他语气平淡,言词中的讥诮却是任谁也听得出来。
李本末连日来忧心灾情,更兼夏侯醇逼得他紧,早已经是满腹急火没地泄去,听了此言,怒火攻心,看了宁间非一张秀丽的面孔竟是说不出的厌恶,紫胀了脸皮道:“宁大人,你屡出下策,蒙蔽圣上,到底是何居心?祖宗法制是能随便更改的?”

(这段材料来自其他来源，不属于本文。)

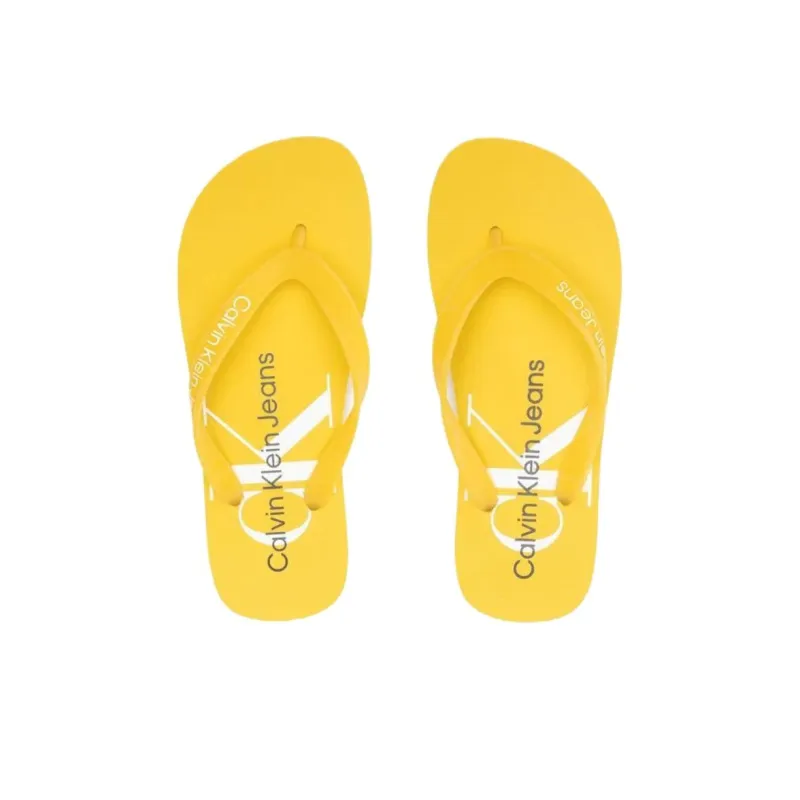 CKJ CALVIN KLEIN JEANS Abrasion Resistant Flip Flops Women's Yellow-5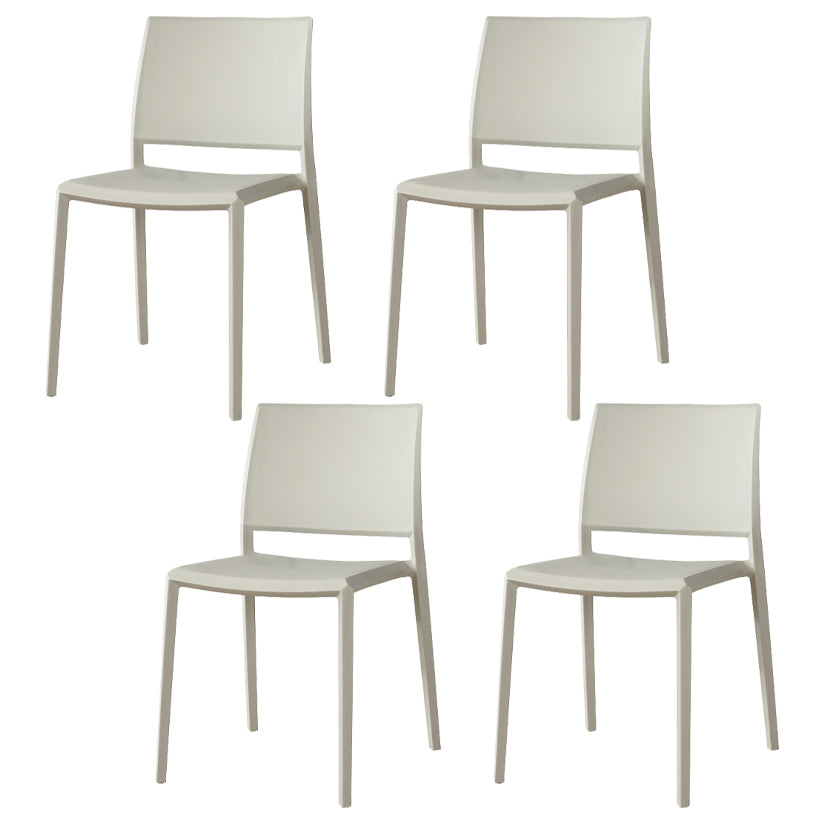 Nordic Style Armless Plastic Dining Room Chairs Open Back Dining Side Chair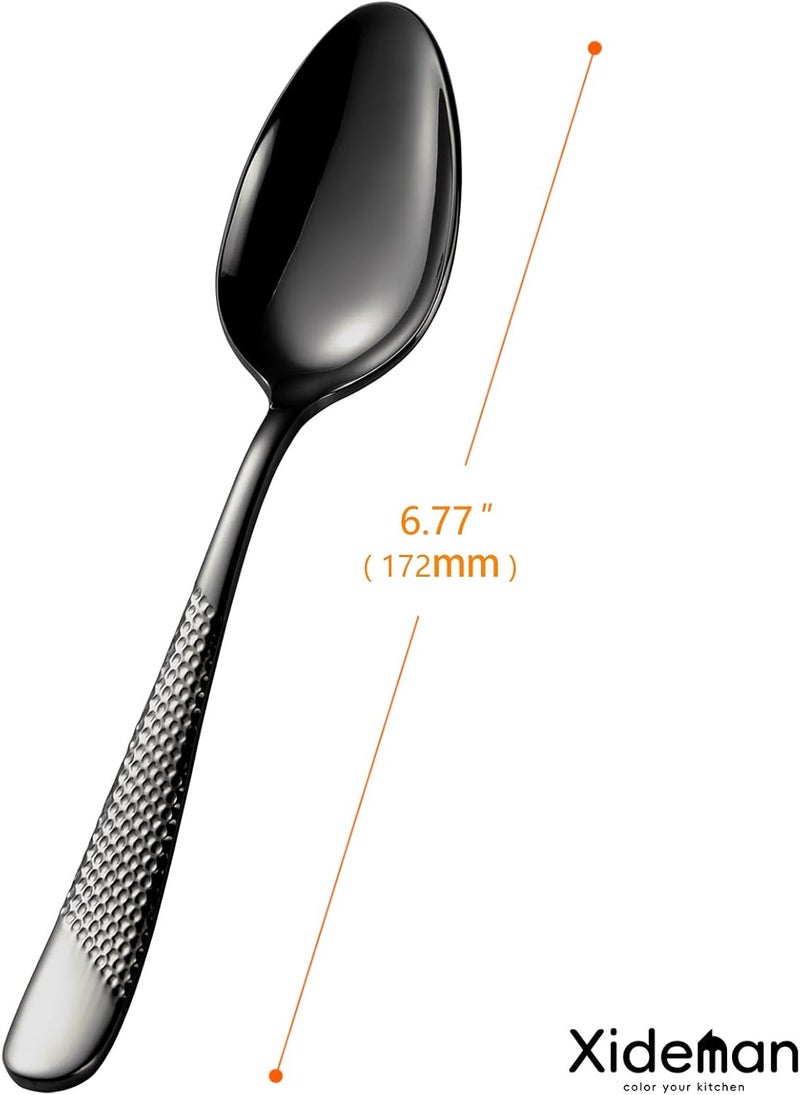 Xideman ® 12-Piece Premium Hammered Teaspoons Set (6.7 inch), 18/10 Stainless Steel Dessert/Tea Spoons, Durable Small Spoon Silverware for Home, Kitchen, Restaurant, Mirror Polished (Black) - Image 3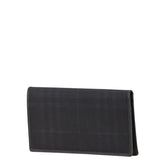 バーバリー チェック 長財布 ブラック ネイビー スウェット レザー レディース BURBERRY 【中古】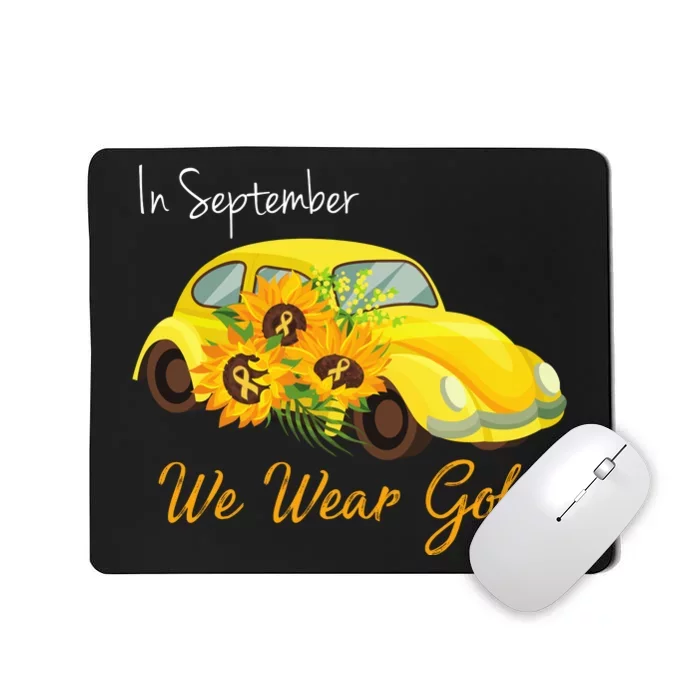 In September We Wear Gold Sunflower Vintage Car Mousepad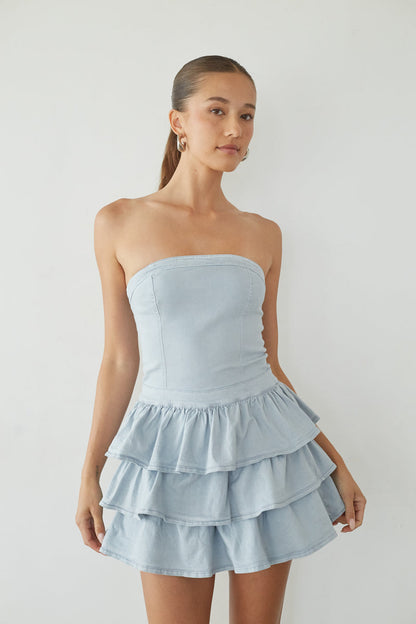 Venus Strapless Ruffle Mini Dress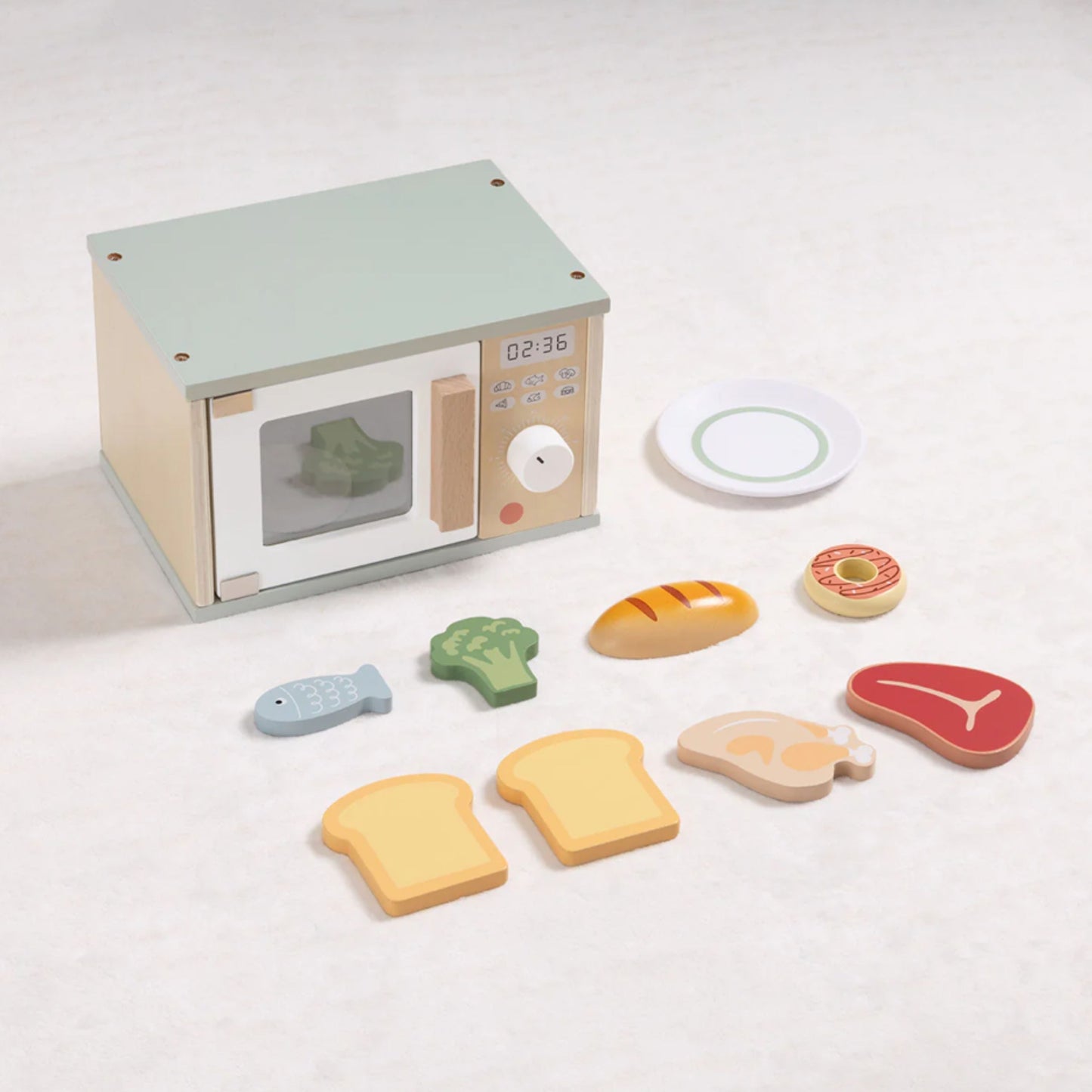 TOOKY TOY Medinė mikrobangų krosnelė su maisto produktų rinkiniu – vaizdas 4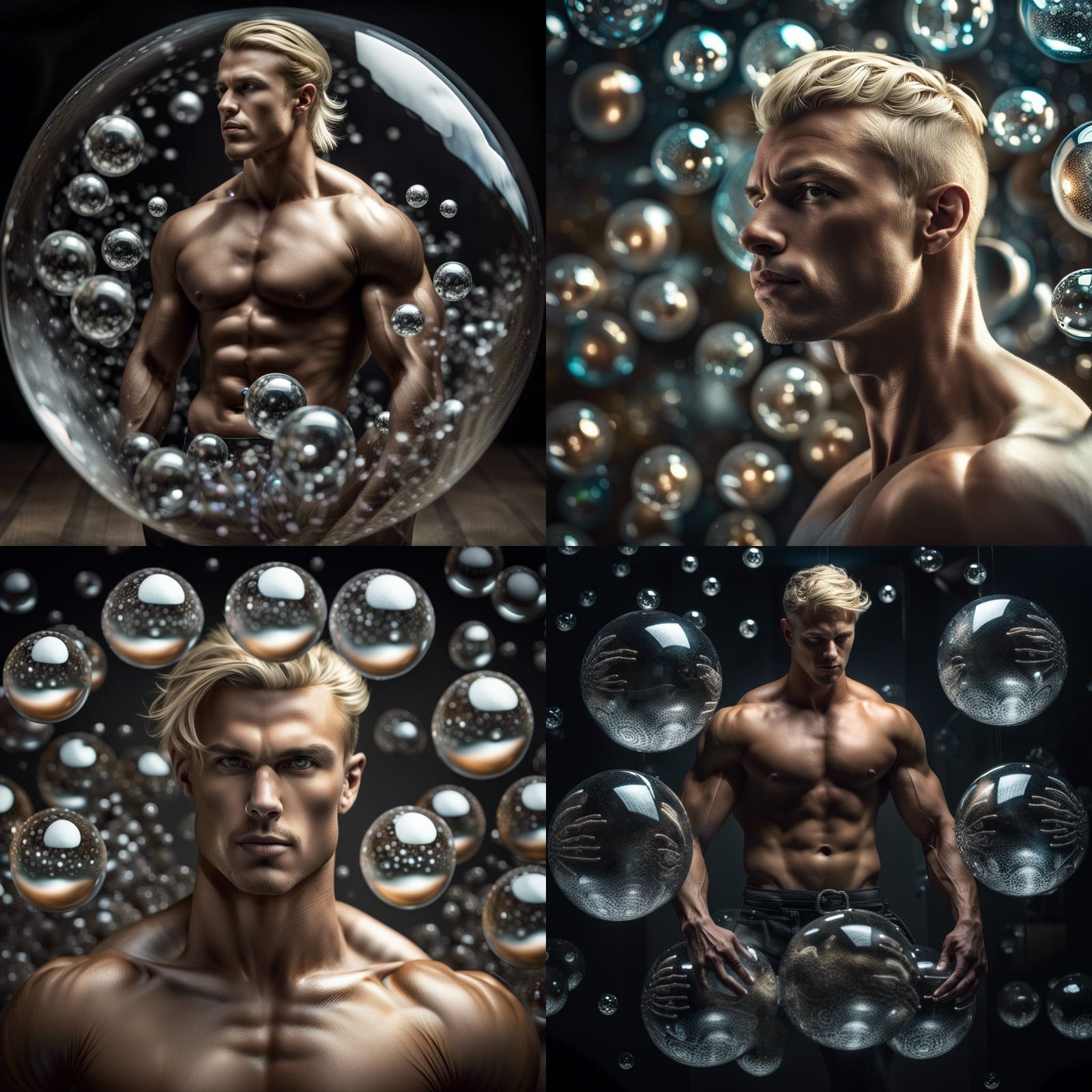 Muscular Man Surrounded by Floating Glass Spheres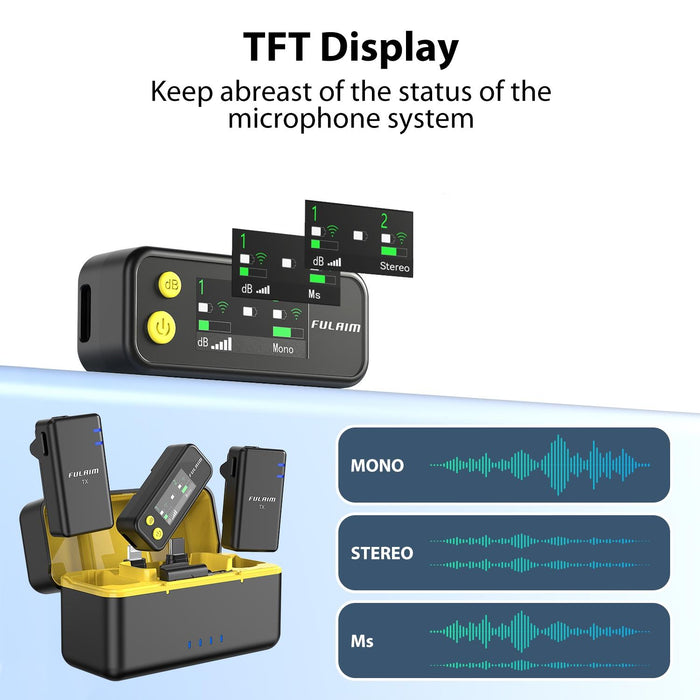 4G Memory Wireless Charging Microphone Collar Clip Microphone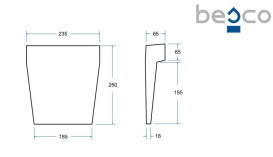 Підголовник для ванни Besco Modern поліуретан білий ZWM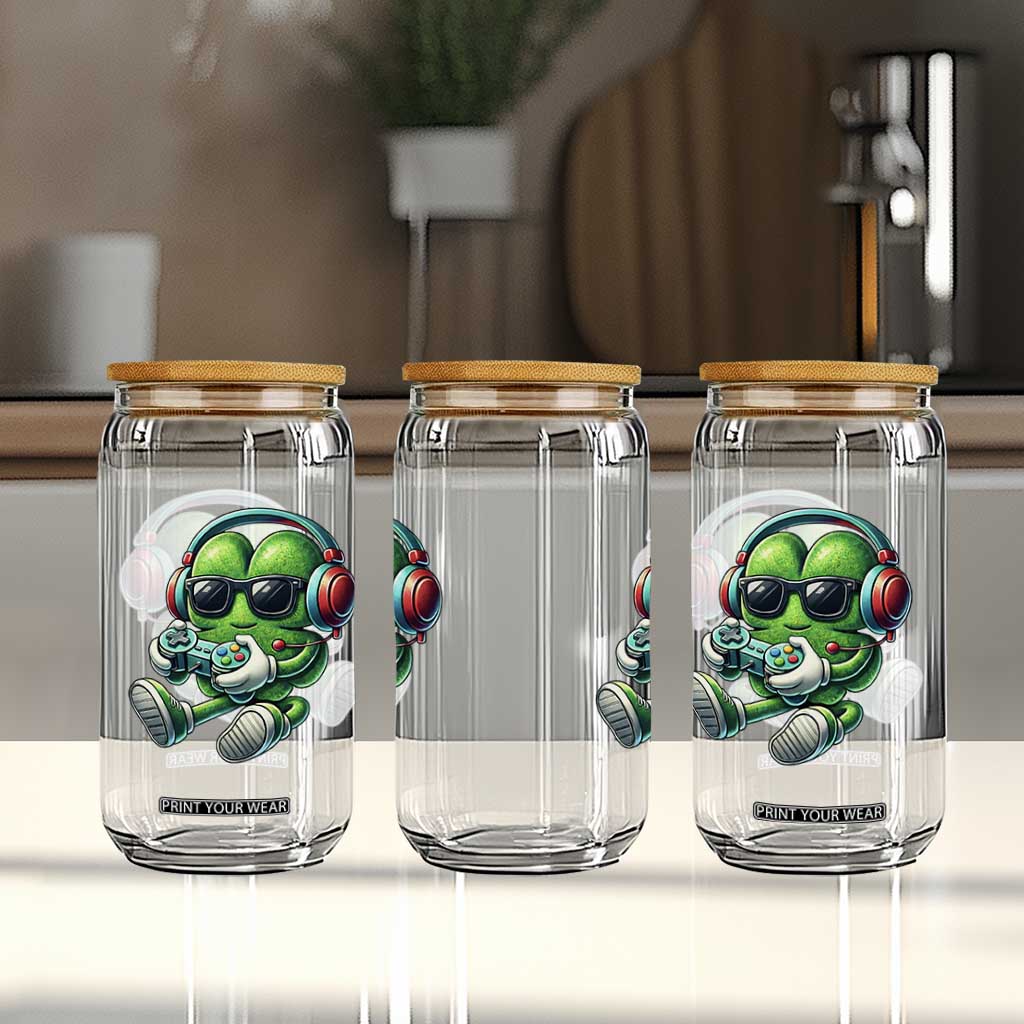 Funny Video Game Shamrock St Patricks Day Gamer Glass Can TS11 Print Your Wear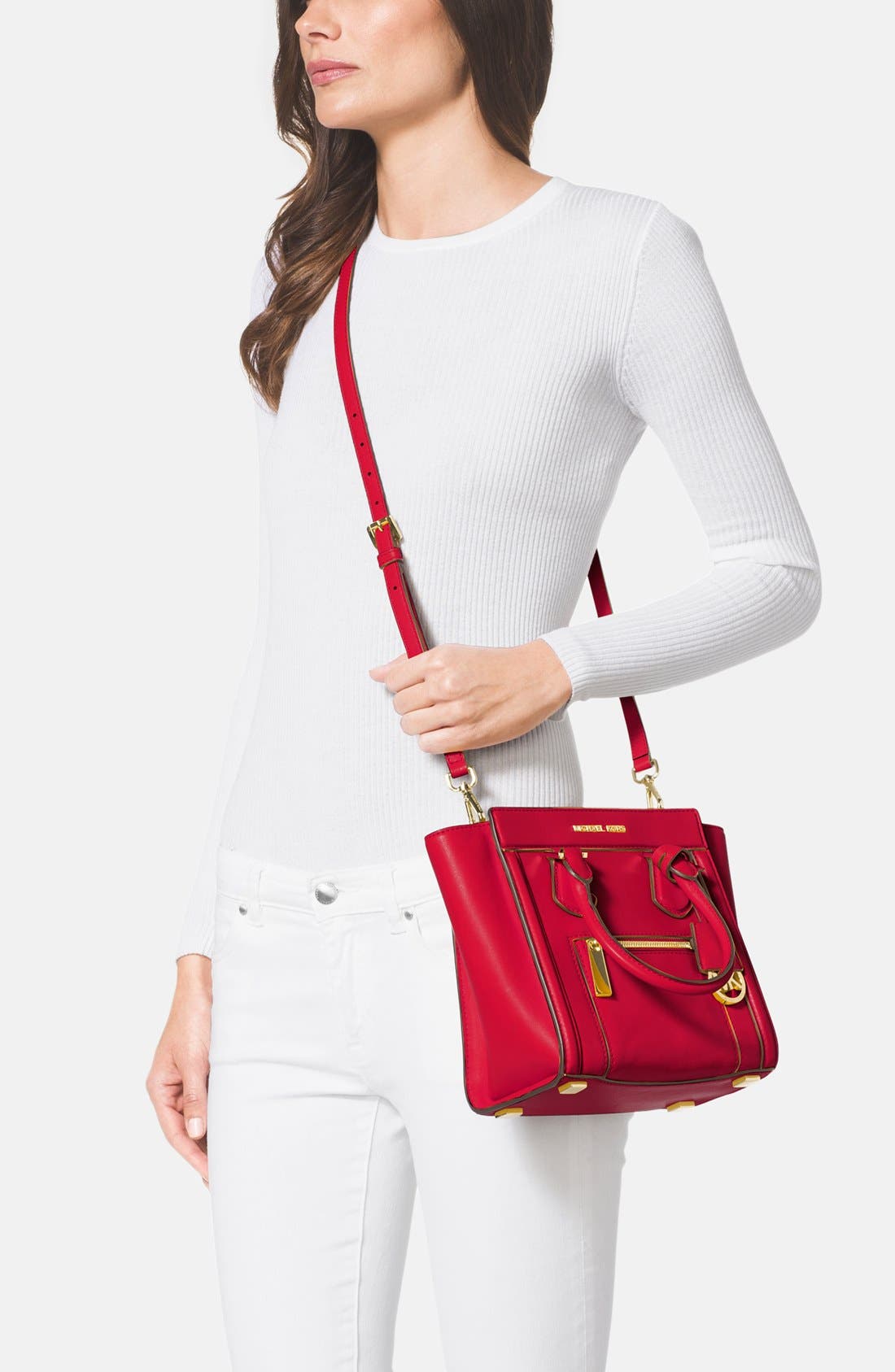 'Medium Colette' Zip Detail Satchel, Alternate, color, CHILI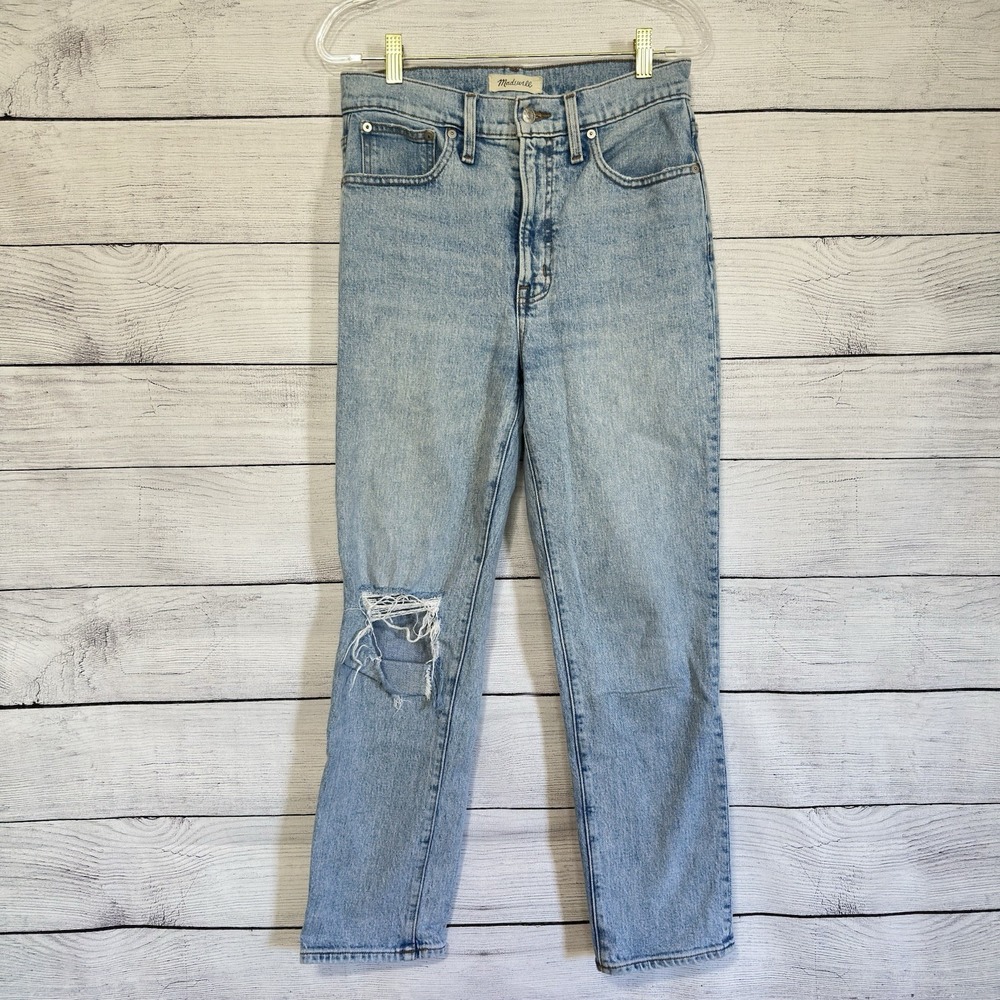 Madewell Perfect Vintage Crop Jean Button Fly Stretch Womens Sz 27 Distressed - Picture 1 of 7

他脸红筋胀,口不择言,完全没意识到这一句话是将夏侯醇大大地得罪了。须知夏侯醇为人一向好强,因为登基时年纪尚幼,生怕众臣背地里瞧不起他,自登位以来便励精图治,勤政爱民,向往的便是作一代明君。最听不得的话便是说他糊涂昏庸的言论,这李本末无意中却犯了他的大忌,间非是个聪明绝顶的,只微微笑了一笑,便不再言语。
果然只听夏侯醇冷冷地道:“那么李大人是以为朕是昏聩无能,任人蒙蔽的了?”
李本末吓得双腿发软,跪倒在地,夏侯醇的性子是不受人激,越是反对得厉害他越是要作,当下说道:“就依宁间非之议,一面再派人手去江南征调粮食,一面征发民疏浚河道,只是这事着落到谁头上?”
眼光扫过众臣,心中委决不下。宁间非道:“臣保举武英殿学士傅青方傅大人,傅大人通古博今,在杭州任上便曾治理过河道,成效卓然,正是用其所长。”
此言一出,群臣又是一阵嗡嗡之声,宁间非与傅青方不和几乎是尽人皆知,连夏侯醇都知道这两人势成水火,而疏浚河道却是个肥差,朝廷自有专项钱款下拔,中间的油水,便说不清楚。宁间非怎么会保举自家的政敌?
傅青方自己也是惑然不解,不明白宁间非用意,但见宁间非一双透亮的眼睛看着他,千言万语似乎都在眼波流转之间,心头好一阵迷惘,似乎神魂都淹没在那两汪黑沉沉的眸子间去了。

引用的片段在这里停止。